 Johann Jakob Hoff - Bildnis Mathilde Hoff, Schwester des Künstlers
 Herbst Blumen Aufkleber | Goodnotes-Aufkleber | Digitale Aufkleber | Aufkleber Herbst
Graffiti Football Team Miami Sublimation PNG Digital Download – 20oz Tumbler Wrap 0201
::::::::
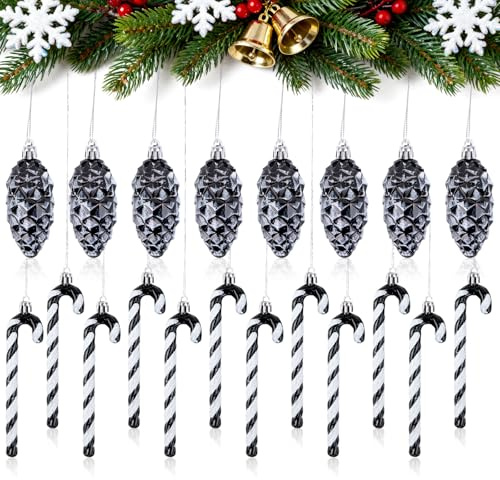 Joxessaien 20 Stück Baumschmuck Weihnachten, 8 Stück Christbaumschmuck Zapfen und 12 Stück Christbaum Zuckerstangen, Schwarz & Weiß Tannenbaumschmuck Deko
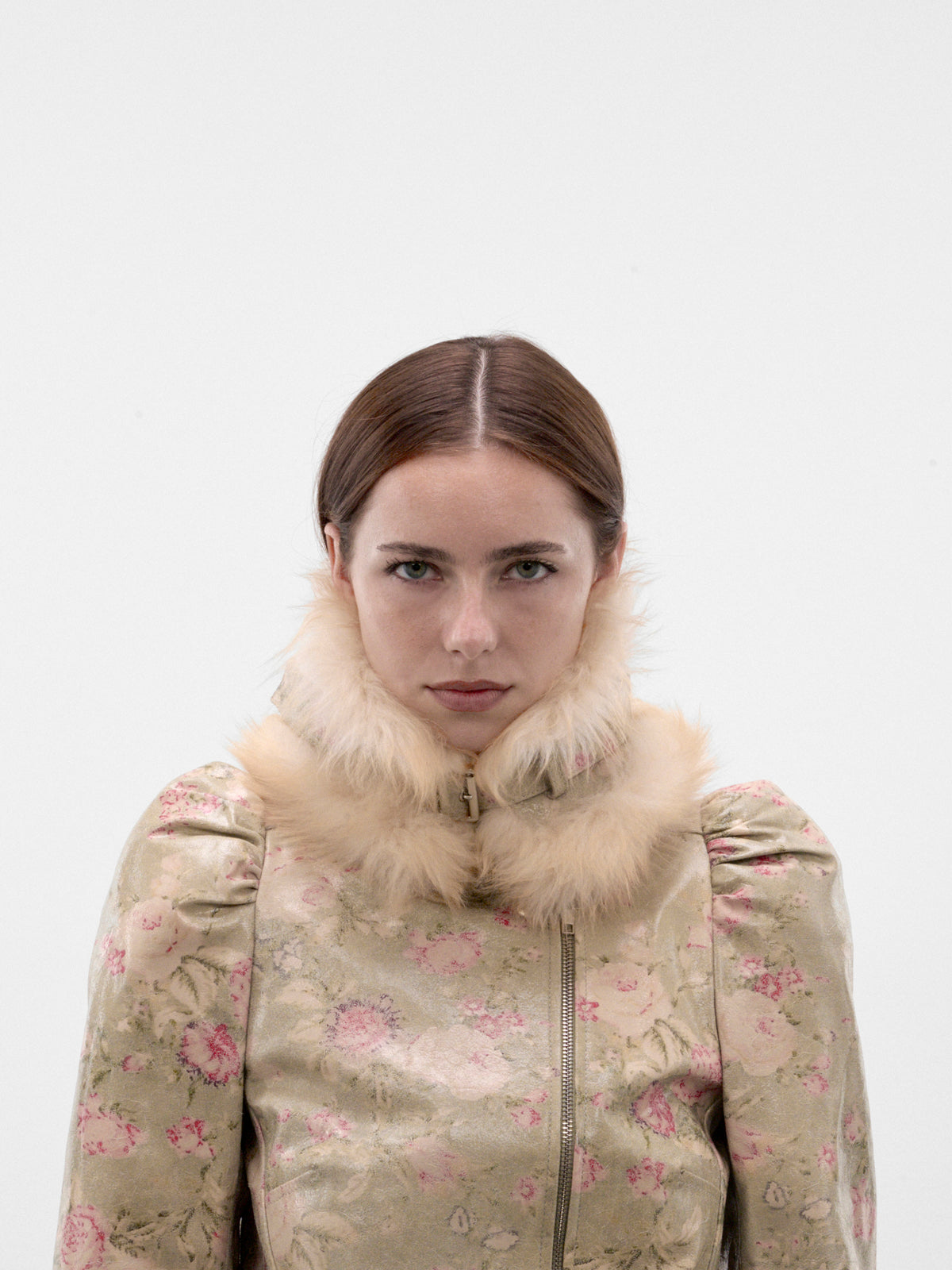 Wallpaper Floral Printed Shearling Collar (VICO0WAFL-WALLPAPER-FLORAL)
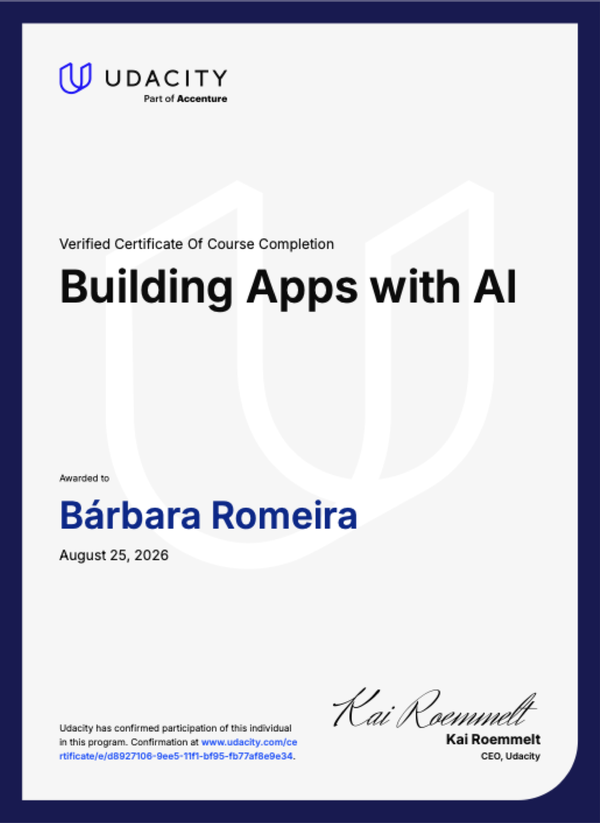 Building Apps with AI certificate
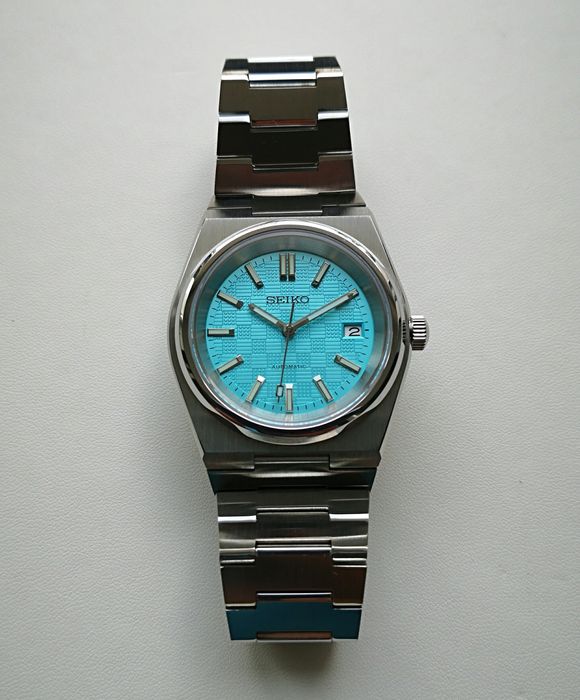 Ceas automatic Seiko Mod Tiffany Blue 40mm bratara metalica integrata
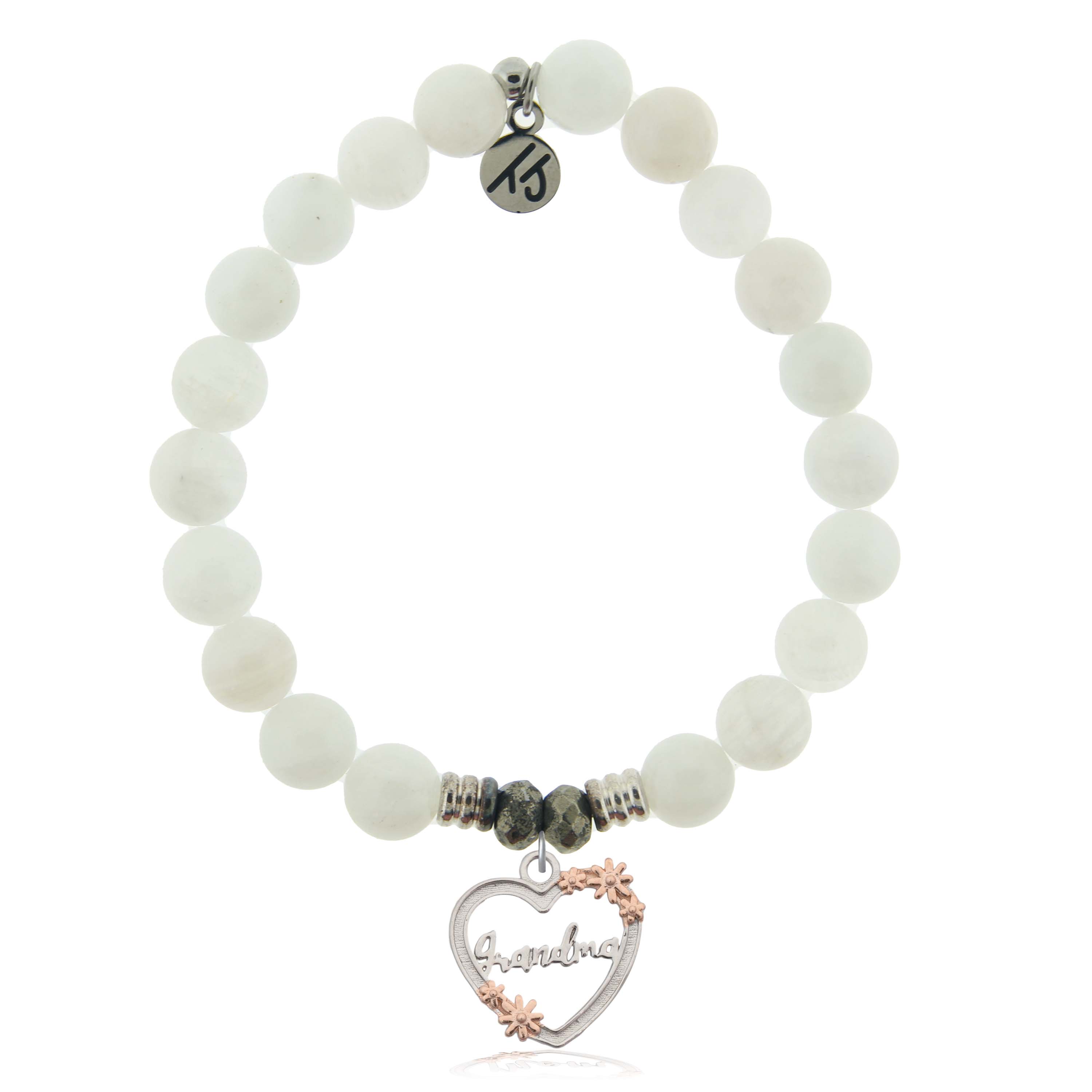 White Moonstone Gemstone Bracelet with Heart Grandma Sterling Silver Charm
::::::::
• **TASK INSTRUCTIONS**
Take the material above from the line bearing "Wallpaper Floral Printed" through the line bearing "White Moonstone Gemstone" and write it out exactly, both end lines included. Pictures stay out.

• **ANSWER SECTION**
 Wallpaper Floral Printed Shearling Collar (VICO0WAFL-WALLPAPER-FLORAL)
 Building Apps with AI certificate
 Ceas automatic Seiko Mod Tiffany Blue 40mm bratara metalica integrata
 White Moonstone Gemstone Bracelet with Heart Grandma Sterling Silver Charm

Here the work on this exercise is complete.